• Assignment:
If pictures are present, leave them out, and copy the data word for word.

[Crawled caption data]
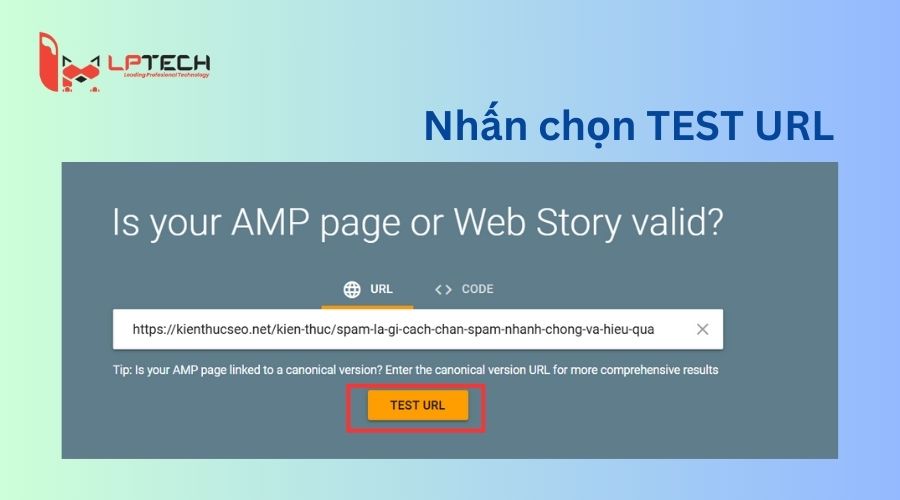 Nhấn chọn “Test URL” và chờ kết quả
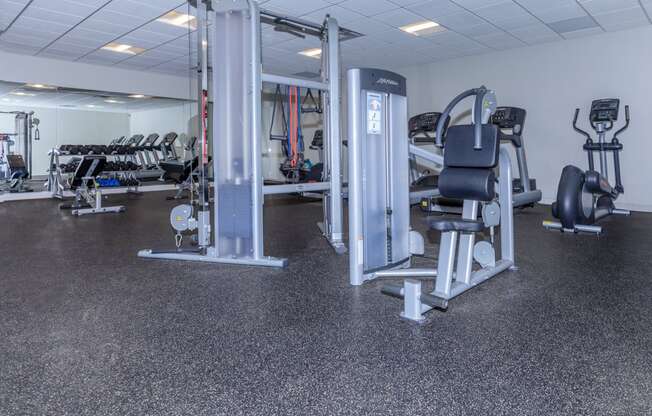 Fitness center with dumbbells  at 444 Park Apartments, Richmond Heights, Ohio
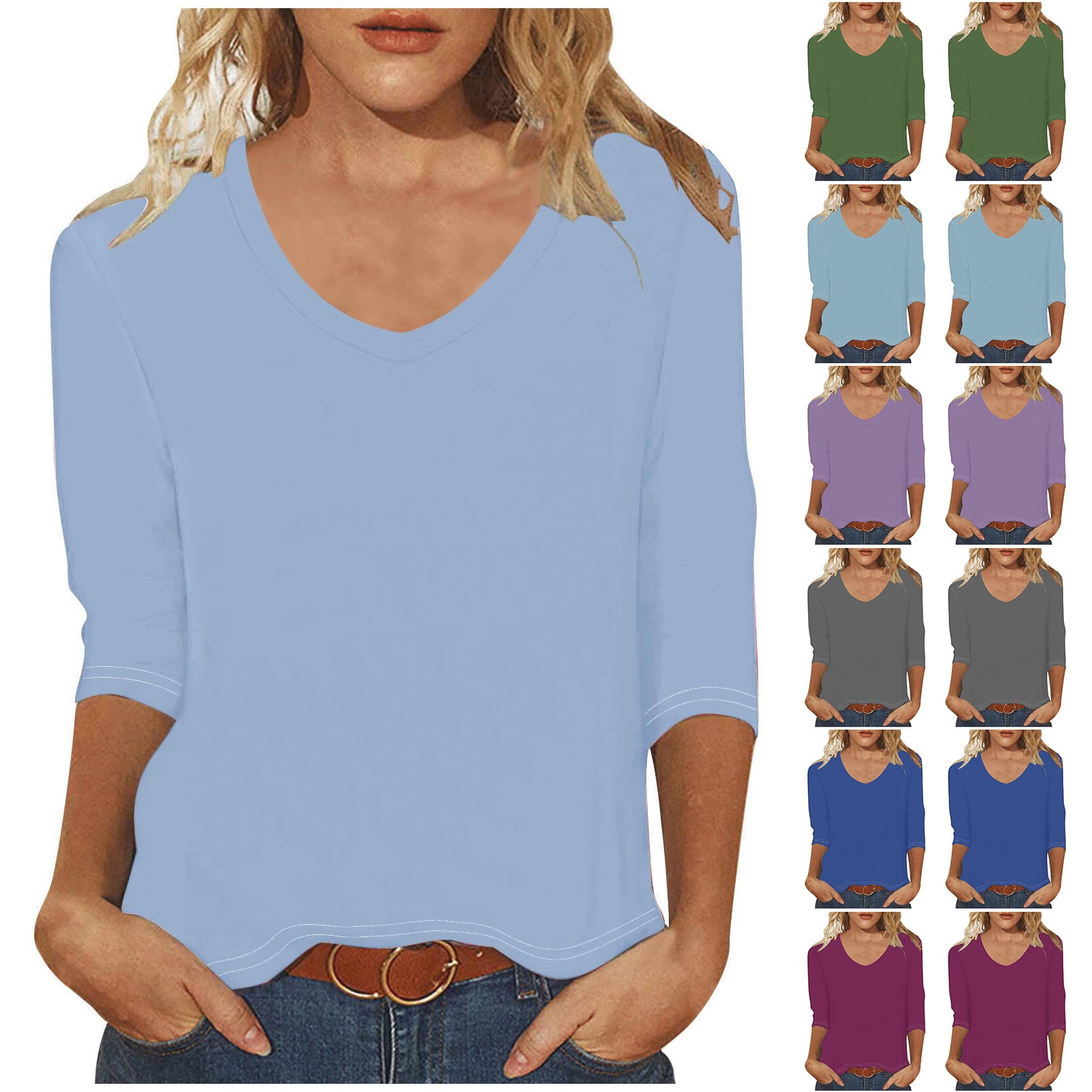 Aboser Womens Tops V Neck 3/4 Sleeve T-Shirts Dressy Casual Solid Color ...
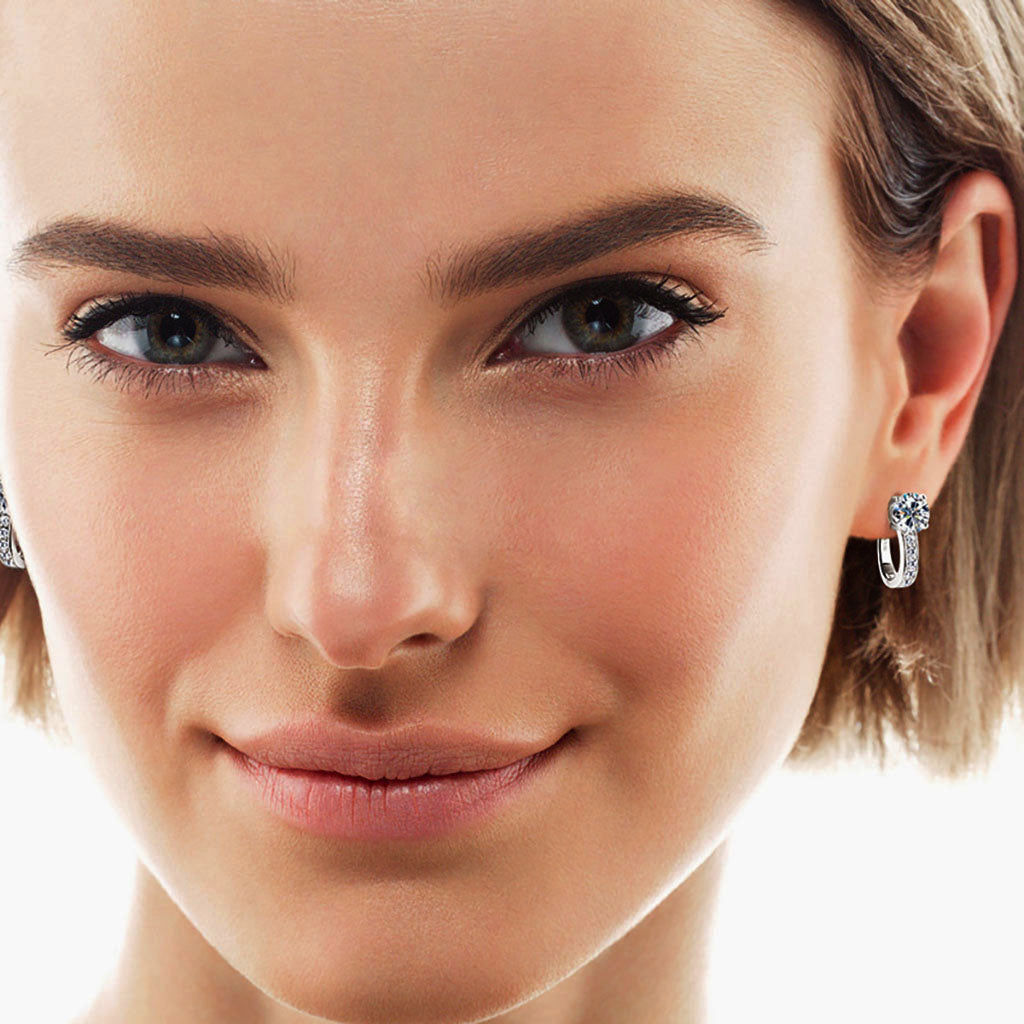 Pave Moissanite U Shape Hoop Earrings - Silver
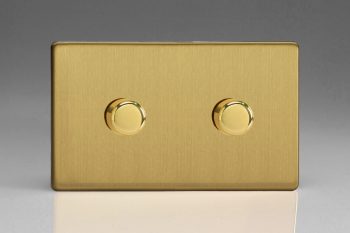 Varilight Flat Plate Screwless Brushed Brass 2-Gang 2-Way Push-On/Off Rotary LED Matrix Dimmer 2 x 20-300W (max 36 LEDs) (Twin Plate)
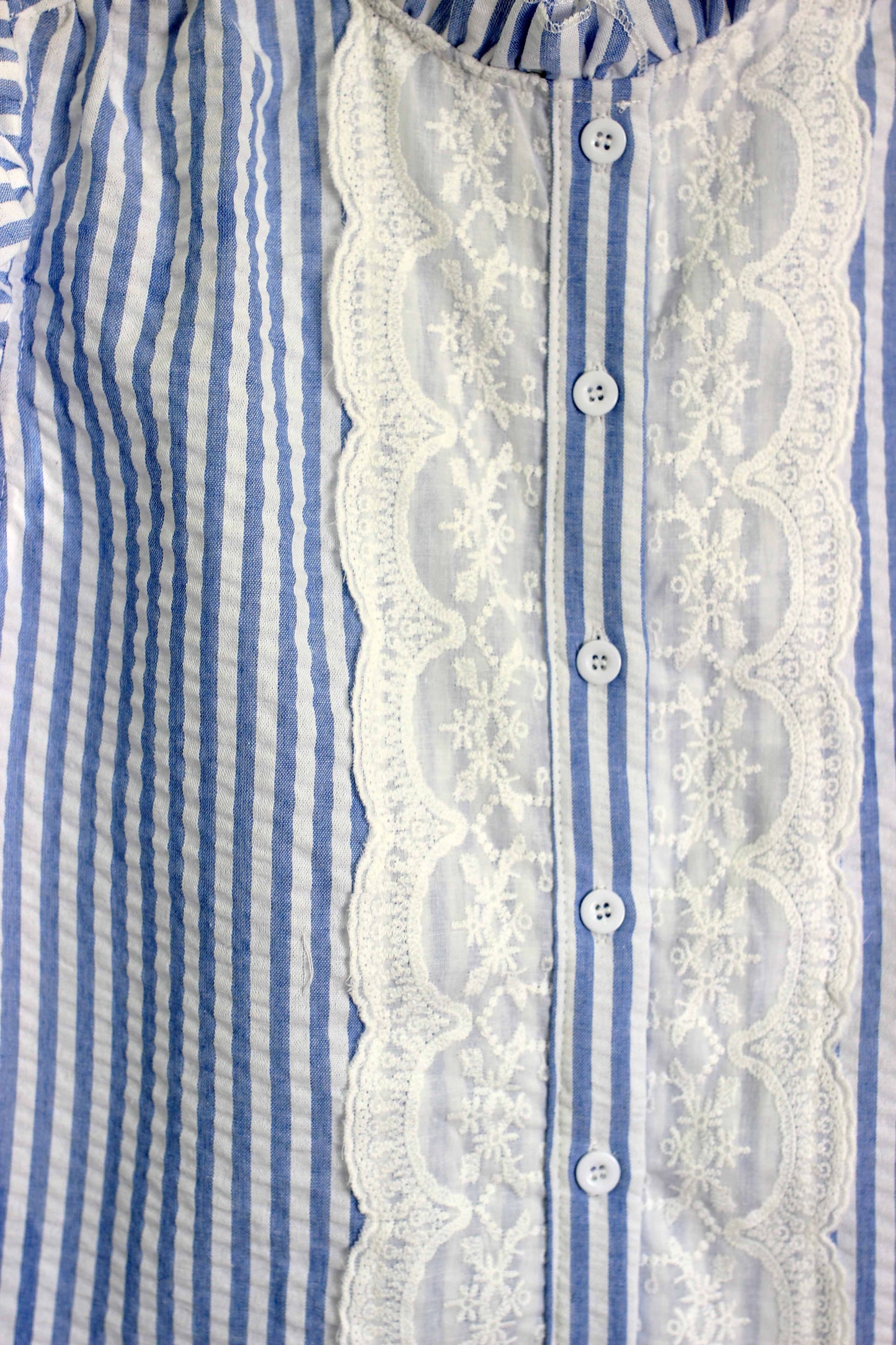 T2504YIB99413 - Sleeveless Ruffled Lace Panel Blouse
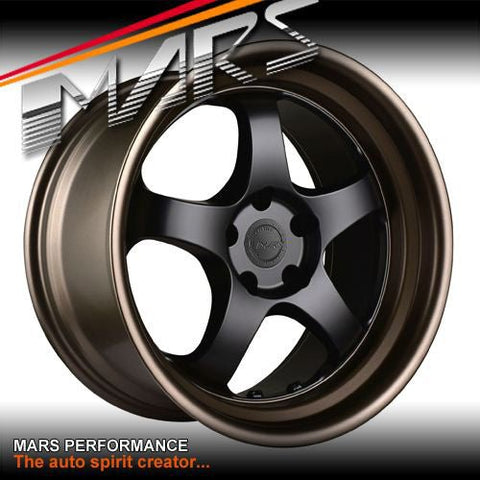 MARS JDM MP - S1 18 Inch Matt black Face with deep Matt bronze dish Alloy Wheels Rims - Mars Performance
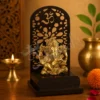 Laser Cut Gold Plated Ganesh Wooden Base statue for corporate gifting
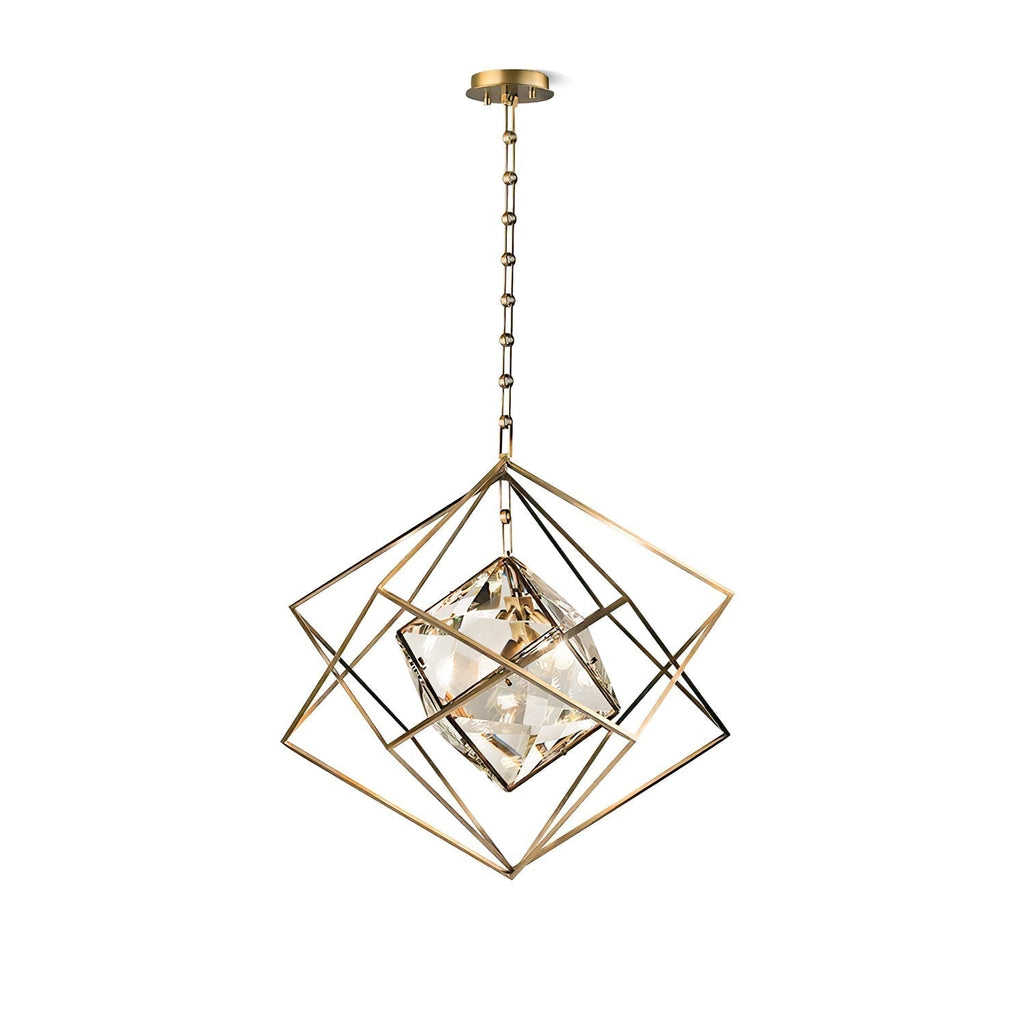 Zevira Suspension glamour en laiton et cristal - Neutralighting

• Result of this task:
 Nhấn chọn “Test URL” và chờ kết quả
 Fitness center with dumbbells  at 444 Park Apartments, Richmond Heights, Ohio
 Aboser Womens Tops V Neck 3/4 Sleeve T-Shirts Dressy Casual Solid Color ...
 Pave Moissanite U Shape Hoop Earrings - Silver
 Varilight Flat Plate Screwless Brushed Brass 2-Gang 2-Way Push-On/Off Rotary LED Matrix Dimmer 2 x 20-300W (max 36 LEDs) (Twin Plate)
 T2504YIB99413 - Sleeveless Ruffled Lace Panel Blouse
 MARS JDM MP - S1 18 Inch Matt black Face with deep Matt bronze dish Alloy Wheels Rims - Mars Performance
 Laser Cut Gold Plated Ganesh Wooden Base statue for corporate gifting
 Zevira Suspension glamour en laiton et cristal - Neutralighting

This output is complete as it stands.